Padang – Komite Olahraga Nasional Indonesia (KONI) Sumatera Barat semakin optimistis dalam menyambut Pekan Olahraga Provinsi (Porprov) XVI Sumatera Barat, menyusul keberhasilan penyelenggaraan The Arena of Maestro – Taekwondo Championship 2026 Piala Ketua KONI Sumbar.
Ketua Umum KONI Sumbar, Hamdanus, meyakini bahwa suksesnya kejuaraan tingkat Sumatera yang diikuti oleh 1.500 atlet menjadi pertanda baik bagi kesiapan daerah dalam menggelar ajang olahraga tingkat provinsi. Hamdanus menegaskan, “Bila baralek gadang se-Sumatera bisa kita laksanakan dengan baik, insyaAllah Oktober nanti, baralek gadang atlet Sumatera Barat akan sukses kita angkatkan.”
Lebih lanjut, Hamdanus menjelaskan bahwa kejuaraan ini menjadi ajang pemanasan bagi para taekwondoin Sumbar dalam mempersiapkan diri menghadapi Porprov. Selain itu, ajang ini juga menjadi tolok ukur kesiapan teknis dan manajerial dalam penyelenggaraan event olahraga.
KONI Sumbar memberikan apresiasi tinggi kepada Taekwondo Indonesia (TI) Sumbar atas dedikasi dan konsistensi dalam pembinaan atlet. Hamdanus mengungkapkan bahwa prestasi taekwondo Sumbar kini telah menarik perhatian dari berbagai provinsi lain, bahkan di tingkat nasional. Hal ini dibuktikan dengan keberhasilan salah satu atlet taekwondo Sumbar yang lolos pelatnas untuk persiapan Asian Games 2026, serta adanya atlet lain yang diproyeksikan untuk direkrut dalam program pembinaan atlet skala nasional oleh Kemenpora. “Ini bukti bahwa taekwondo Sumatera Barat sudah menjadi perhatian dan punya daya saing,” ujarnya.

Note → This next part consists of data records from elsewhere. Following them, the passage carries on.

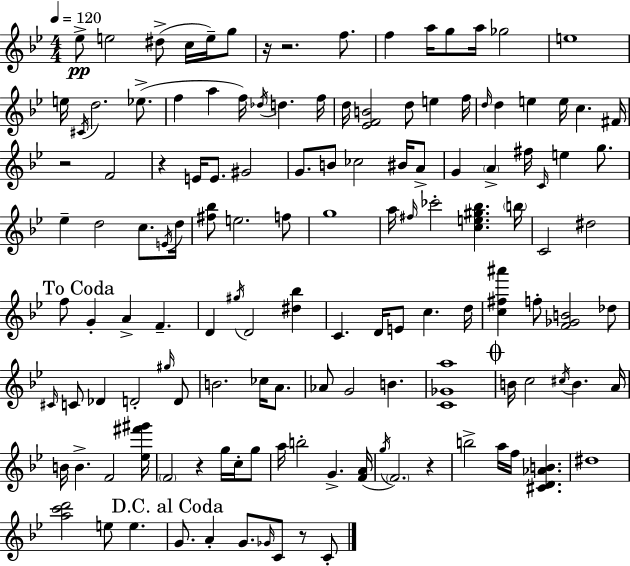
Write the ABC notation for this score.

X:1
T:Untitled
M:4/4
L:1/4
K:Bb
_e/2 e2 ^d/2 c/4 e/4 g/2 z/4 z2 f/2 f a/4 g/2 a/4 _g2 e4 e/4 ^C/4 d2 _e/2 f a f/4 _d/4 d f/4 d/4 [_EFB]2 d/2 e f/4 d/4 d e e/4 c ^F/4 z2 F2 z E/4 E/2 ^G2 G/2 B/2 _c2 ^B/4 A/2 G A ^f/4 C/4 e g/2 _e d2 c/2 E/4 d/4 [^f_b]/2 e2 f/2 g4 a/4 ^f/4 _c'2 [ce^g_b] b/4 C2 ^d2 f/2 G A F D ^g/4 D2 [^d_b] C D/4 E/2 c d/4 [c^f^a'] f/2 [F_GB]2 _d/2 ^C/4 C/2 _D D2 ^g/4 D/2 B2 _c/4 A/2 _A/2 G2 B [C_Ga]4 B/4 c2 ^c/4 B A/4 B/4 B F2 [_e^f'^g']/4 F2 z g/4 c/4 g/2 a/4 b2 G [FA]/4 g/4 F2 z b2 a/4 f/4 [^CD_AB] ^d4 [ac'd']2 e/2 e G/2 A G/2 _G/4 C/2 z/2 C/2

The Arena of Maestro – Taekwondo Championship 2026, yang mengusung tema “Baralek Gadang Para Juara di Bumi Minangkabau”, berlangsung selama tiga hari, dari Jumat hingga Minggu, dengan melibatkan 1.500 atlet dari berbagai daerah di Pulau Sumatera.
Ketua Panitia, Prof. Fakhru Razi, menjelaskan bahwa kejuaraan ini tidak hanya berfokus pada perebutan medali, tetapi juga pada pembentukan karakter dan kehormatan atlet. “Proses perjuangan menuju kemenangan adalah kehormatan, jangan nodai itu. Seorang juara sejati bukan diukur dari medali, tapi juga dilihat dari sikap dan perjuangan. Fokus menghormati lawan, dan jadilah juara sejati,” ujarnya.
Fakhru Razi juga menuturkan bahwa kejuaraan ini turut mempererat solidaritas antar-atlet dan dojang se-Sumatera. Acara tersebut dihadiri oleh sejumlah Pengurus Provinsi Taekwondo Indonesia (Pengprov TI) se-Sumatera, termasuk Pengprov Sumbar dan Pengprov Jambi, serta para master taekwondo dari berbagai daerah.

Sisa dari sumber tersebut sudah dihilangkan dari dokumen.